Segment Open

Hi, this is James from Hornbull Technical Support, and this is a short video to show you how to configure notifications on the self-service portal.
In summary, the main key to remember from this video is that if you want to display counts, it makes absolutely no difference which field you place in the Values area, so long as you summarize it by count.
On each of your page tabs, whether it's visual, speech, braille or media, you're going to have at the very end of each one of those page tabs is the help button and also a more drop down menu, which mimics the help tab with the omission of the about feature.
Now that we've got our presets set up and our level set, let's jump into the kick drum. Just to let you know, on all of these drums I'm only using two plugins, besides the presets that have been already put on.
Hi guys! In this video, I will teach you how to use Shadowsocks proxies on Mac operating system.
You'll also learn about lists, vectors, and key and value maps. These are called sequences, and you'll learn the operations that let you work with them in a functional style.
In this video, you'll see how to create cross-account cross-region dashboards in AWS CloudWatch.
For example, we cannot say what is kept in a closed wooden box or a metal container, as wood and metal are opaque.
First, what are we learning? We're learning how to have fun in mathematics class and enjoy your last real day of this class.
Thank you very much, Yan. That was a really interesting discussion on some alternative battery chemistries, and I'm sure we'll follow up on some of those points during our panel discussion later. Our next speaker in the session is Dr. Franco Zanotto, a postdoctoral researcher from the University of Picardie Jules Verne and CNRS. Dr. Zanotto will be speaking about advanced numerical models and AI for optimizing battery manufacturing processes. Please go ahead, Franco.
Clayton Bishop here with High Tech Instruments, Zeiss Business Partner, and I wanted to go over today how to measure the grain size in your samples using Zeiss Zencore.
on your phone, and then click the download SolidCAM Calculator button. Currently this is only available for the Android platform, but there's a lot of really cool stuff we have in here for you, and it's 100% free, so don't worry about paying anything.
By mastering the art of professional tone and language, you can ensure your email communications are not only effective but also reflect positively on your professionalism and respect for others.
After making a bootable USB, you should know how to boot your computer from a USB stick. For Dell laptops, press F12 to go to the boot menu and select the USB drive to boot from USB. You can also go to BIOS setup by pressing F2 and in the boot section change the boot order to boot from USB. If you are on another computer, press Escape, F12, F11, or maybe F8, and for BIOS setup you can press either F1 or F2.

Segment Closed

Copy, exactly and only, the lines above that begin with the one containing "You'll also learn" and finish with the one containing "For example, we".

Result for this exercise
You'll also learn about lists, vectors, and key and value maps. These are called sequences, and you'll learn the operations that let you work with them in a functional style.
In this video, you'll see how to create cross-account cross-region dashboards in AWS CloudWatch.
For example, we cannot say what is kept in a closed wooden box or a metal container, as wood and metal are opaque.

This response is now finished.